--- Listed records ---
────────────────────────────────────────

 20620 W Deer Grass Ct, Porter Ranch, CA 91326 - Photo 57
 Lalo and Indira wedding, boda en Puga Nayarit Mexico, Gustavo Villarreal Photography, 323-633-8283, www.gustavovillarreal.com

────────────────────────────────────────

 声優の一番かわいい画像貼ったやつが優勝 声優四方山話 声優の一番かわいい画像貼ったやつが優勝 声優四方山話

────────────────────────────────────────

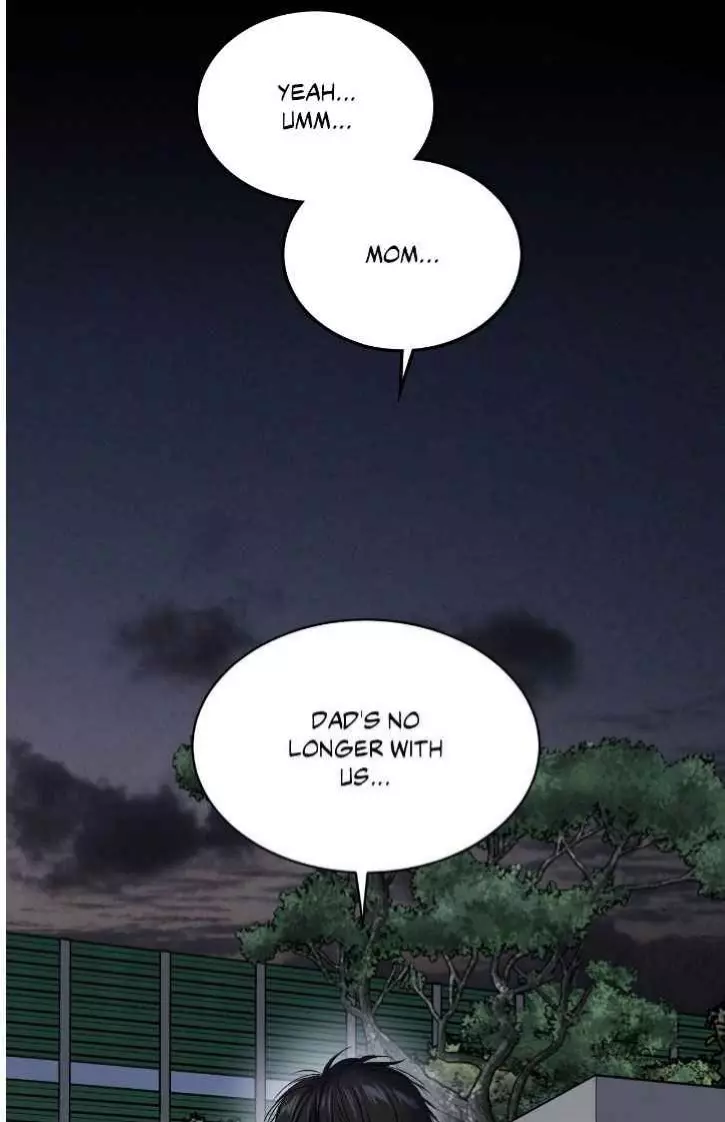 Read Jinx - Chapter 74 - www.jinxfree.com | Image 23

────────────────────────────────────────

--- Exercise description ---
In the listing above, transcribe exactly everything from the line containing "20620 W Deer" down to the line containing "Lalo and Indira", including both and nothing more.

--- Reply to the exercise ---
 20620 W Deer Grass Ct, Porter Ranch, CA 91326 - Photo 57
 Lalo and Indira wedding, boda en Puga Nayarit Mexico, Gustavo Villarreal Photography, 323-633-8283, www.gustavovillarreal.com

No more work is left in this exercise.